Strassman is the sultan of surreptitiousness. A flicker of a lip move becomes a smile, a diversion directs an impertinent stare elsewhere.

The core of his gift is to make the puppet seem a live, thinking, talking, autonomous creature. It is all very well to do it with Chuck Wood, who looks like a tiny human but it is a mystery, in retrospect, how he gets adults to listen to a bear, a private eye dolphin, a beaver or a scary alien.

Strassman took an occasional break from the exhausting demands of self-dialogue but they were filled in by Sydney comedian Stef Torak, whose rap sampling was a treat.

The audience members were mostly in their late teens and 20s though there was a fair sprinkling of the middle-aged. Quite a few clutched teddy bears.

The show comes with a recommendation that children under 13 should not attend. Many of the jokes would be above their heads or too far below the belt for them.

Through the use of his puppets the entertainer was able to make explicit sexual references, swear, threaten violence and issue put-downs relating to physical characteristics which might not be thought funny by mixed audiences if delivered by a stand-up comedian - but in this context had them howling with laughter.

Strassman could have been tempted to be cruder but he seemed to have judged his audience's taste with precision. Another moderating influence was the character Ted E. Bare, whose innocence is the counter to the malevolent Chuck.

Those looking for sophisticated humour and social commentary will not find it but Strassman indicated in a couple of jokes that he could move upmarket if he wanted.
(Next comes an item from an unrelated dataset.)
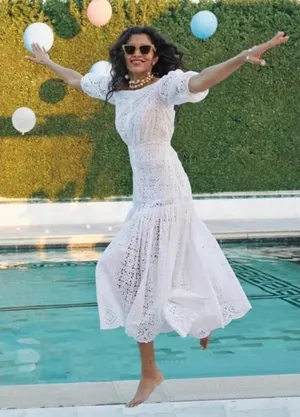 NWOT Veronica Beard Cali White eyelet off the shoulder midi Dress in White Sz 0 thumbnail 1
A brilliant theme exemplifying this potential is the running gag where he breaks the spell - by having the puppets point out he produces their voices - and then quickly casts the same spell back again over his thralls.

On reflection, there is a suspicion Strassman's occasional "mistakes" with the voices are just a device which not only extracts even more laughter but binds us to him.

It temporarily reassures us to think the god who controls these puppets is human like us - but we are soon reminded we are wrong.